A insônia é um distúrbio do sono que afeta pessoas de ambos os sexos e em qualquer idade. Pode possuir três etapas:

• A pessoa não consegue dormir quando se deita

• A pessoa consegue dormir, mas o nível de sono é fraco, acordando durante a noite

• A pessoa dorme, mas acorda mais cedo que o necessário para um sono reparador

E ser classificada em três níveis:

• Transitória ou Esporádica: Quando persiste por atéquatro semanas

• Aguda: Quando dura até seis meses

• Crônica: Quando a dificuldade ultrapassa o período de 6 meses e tem o tempo indeterminado.
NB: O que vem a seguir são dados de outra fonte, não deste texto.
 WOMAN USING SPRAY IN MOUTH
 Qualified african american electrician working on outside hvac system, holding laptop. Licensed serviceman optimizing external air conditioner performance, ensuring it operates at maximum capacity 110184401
O diagnóstico da insônia deve ser estabelecido após avaliação de um profissional de saúde e a insônia será avaliada se primária ou secundária, bem como a origem do
problema (orgânica ou emocional).

Quais são as causas da Insônia?
As causas da insônia são diversas, dentre elas fatores do ambiente (barulho, TV, rádio, indústrias no local); uso de alguns medicamentos para depressão, perda de
peso, hipertensão, entre outros; alimentação demasiada ou poucas horas antes de dormir; ingestão de café, álcool, chocolate, cigarro e outros estimulantes do sistema nervoso central; mudanças no horário de deitar-se (o corpo se adapta a um determinado horário, mas se este é alterado bruscamente, ele demora a se recompor);
sedentarismo; doenças ou problemas de saúde que provocam a chamada insônia secundária (a partir da dor crônica, de estômago, cólicas, enxaquecas, hipertireoidismo, desordens mentais diversas, apnéia do sono, que é o roncar durante a noite), dentre outras.

Já as causas psicológicas implicadas são: problemas de relacionamento, estresse, ansiedade, depressão: A mente e o emocional do insone não param, elaborando e reelaborando questões e, fundamentalmente, os problemas de ordem familiar, de saúde, financeiros e outros que estejam o afetando. Podemos dar como exemplo um indivíduo que tenha passado anos sob constante preocupação, cuidando de seu olho ou outra pessoa querida doente. Após o falecimento do ente, passou a apresentar um quadro de insônia.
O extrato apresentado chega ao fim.